The timing goes from around 5s to around 7s, and the overall process of regenerating the flatpak-runtime package set goes from 45s to 55s. It seems that in some cases, the cost of looking across the entire pool for requirements exceeds the savings when the same requirement is looked up twice. Is the 2800 package case actually typical?

Since for 'resolve-deps --json' _get_dependency_details() is called only once, I get much better results when I do a local cache:

        cache = {}
[...]
            if dep in cache:
                matches = cache[dep]
            else:
                matches = set(s for s in candq if s.matchesdep(solv.SOLVABLE_PROVIDES, dep))
                if not matches and str(dep).startswith("/"):
                    # Append provides by files                                                                                                                
                    # TODO: use Dataiterator for getting filelist                                                                                             
                    matches = set(s for s in pool.select(str(dep), solv.Selection.SELECTION_FILELIST).solvables() if s in candq)
                # It was possible to resolve set, so something is wrong here                                                                                  
                assert matches
                cache[dep] = matches

that drops the 247 package case from 5 seconds to 2.5 seconds. I suspect it's likely to do better with your test case case well.

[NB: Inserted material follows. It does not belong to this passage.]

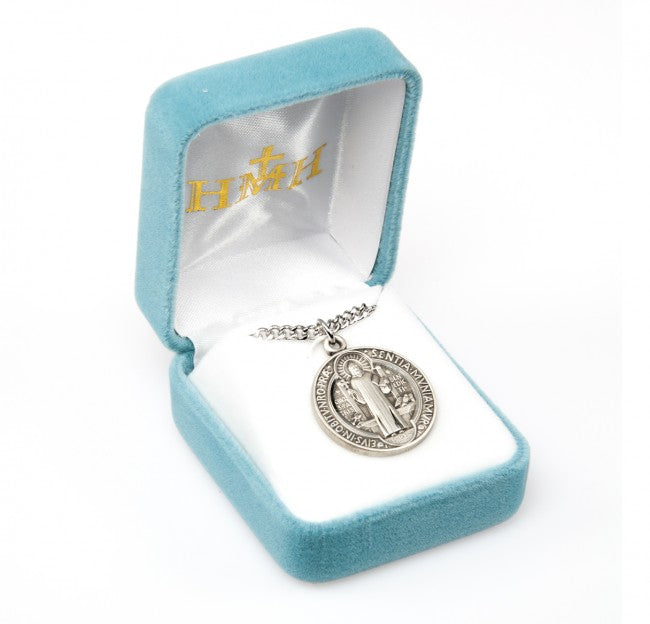 Medalla redonda de San Benito en plata de ley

The global cache might have win if you ran module generation with verbose logging before https://pagure.io/modularity/fedmod/c/8e4fb14d40ec81863867e9fc7e0a97afb88e6c98?branch=master - where there are multiple calls to _get_dependency_details().

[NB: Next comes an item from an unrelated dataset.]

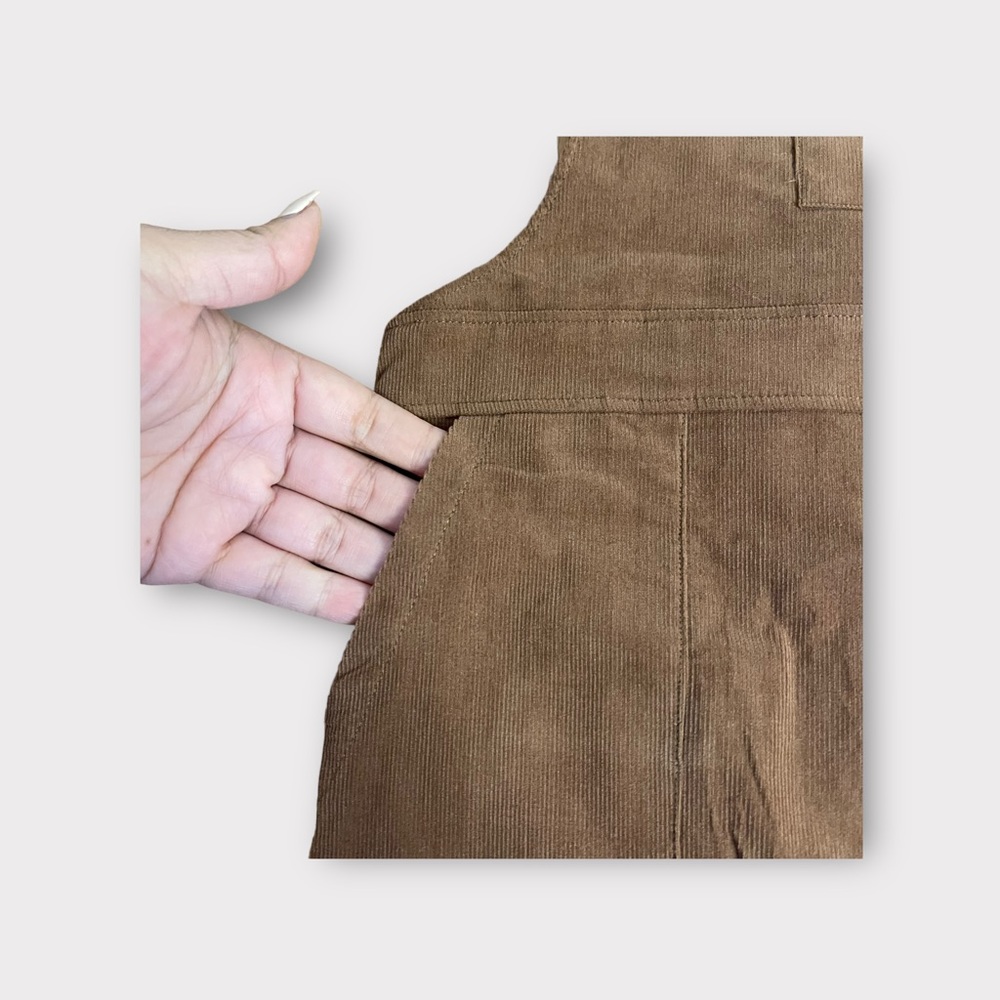 Angel Dear Brown Corduroy Pocket Romper - Picture 3 of 5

karsten commented 5 years ago

I can reproduce this with your package list, real and user times increases slightly, system time seems to be a little lower with lru_cache.

Your version is much faster with a huge number of packages.
The normal version takes 2'15'', the lru_cache version 1'15'' and your local cache takes a mere 17' seconds.
I'll prepare a new patch with your version, thanks a lot for that suggestion !

1 new commit added

use local cache (otailor)

5 years ago

2 new commits added

use local cache (otaylor)
Build an in-memory cache for whatprovides, issue #51

5 years ago

nphilipp commented 5 years ago

use local cache (otaylor)

@karsten, @otaylor, is Owen the author of the commit in question? If so, git lets you make commits on behalf of the actual author with say git commit --author='Owen W. Taylor <otaylor@fishsoup.net>' instead of putting the attribution into the log comment.

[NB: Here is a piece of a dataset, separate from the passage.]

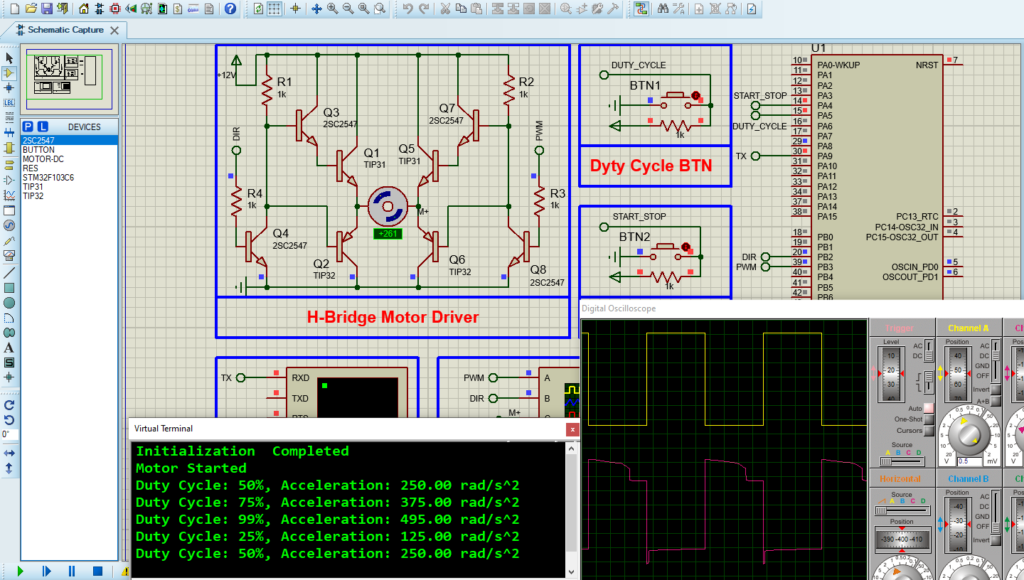 Circuit Diagram for STM32 H-Bridge Motor Driver in Proteus Simulation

Besides, it looks as if Owen's change largely undoes your implementation, so do you want me to squash the two commits into one?

karsten commented 5 years ago

Owen is the Author, he didn't create a PR but provided the code in a comment right here.
Pls squash, we don't need that other commit

otaylor commented on line 36 of src/_fedmod/_depchase.py 5 years ago

This should be outside the indented block.

otaylor commented 5 years ago

I'm not fussed about the attribution of a couple of lines of code, but if it would be easier, I can certainly stick a branch somewhere with a commit on it.

otaylor commented 5 years ago

https://pagure.io/fork/otaylor/modularity/fedmod/branch/provider-cache

nphilipp commented 5 years ago

Thanks! This is solved in commit 4d8917a in the master branch.